---------- Dataset section

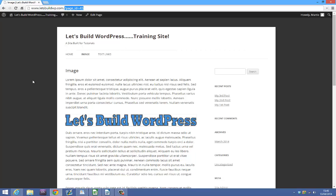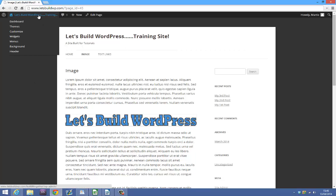So the first thing you need to do is make sure you're logged in to your website or blog, and then you want to go to the dashboard by hovering over your website name at the top and clicking dashboard.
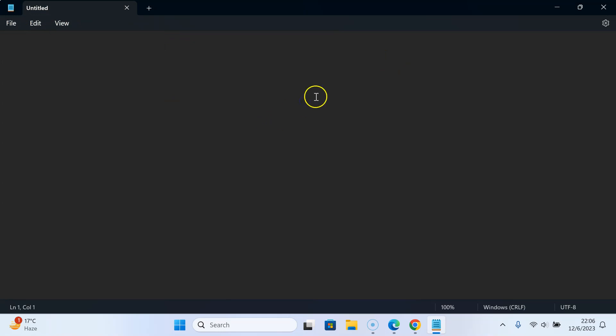Okay guys, that's it. In this way you can easily enable dark theme in Notepad app on Windows 11. If you like my videos, please support this channel by subscribing to it. Thanks, bye-bye.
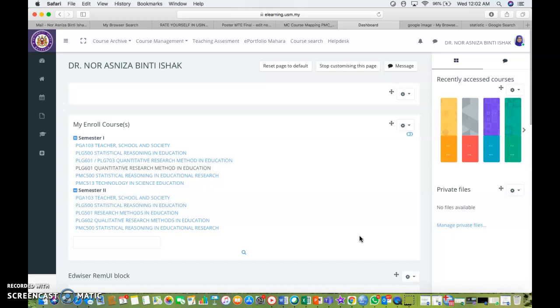In this video, I'm going to show you how you can add the synopsis for your course. First of all, you need to go to elearning.usm.my where you need to log in and it will bring you to your dashboard with a list of your courses for semester 1 and semester 2.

--------------------

* _Assignment_: The copy should match each line above exactly and contain no images.

* _Solution_:
So the first thing you need to do is make sure you're logged in to your website or blog, and then you want to go to the dashboard by hovering over your website name at the top and clicking dashboard.
Okay guys, that's it. In this way you can easily enable dark theme in Notepad app on Windows 11. If you like my videos, please support this channel by subscribing to it. Thanks, bye-bye.
In this video, I'm going to show you how you can add the synopsis for your course. First of all, you need to go to elearning.usm.my where you need to log in and it will bring you to your dashboard with a list of your courses for semester 1 and semester 2.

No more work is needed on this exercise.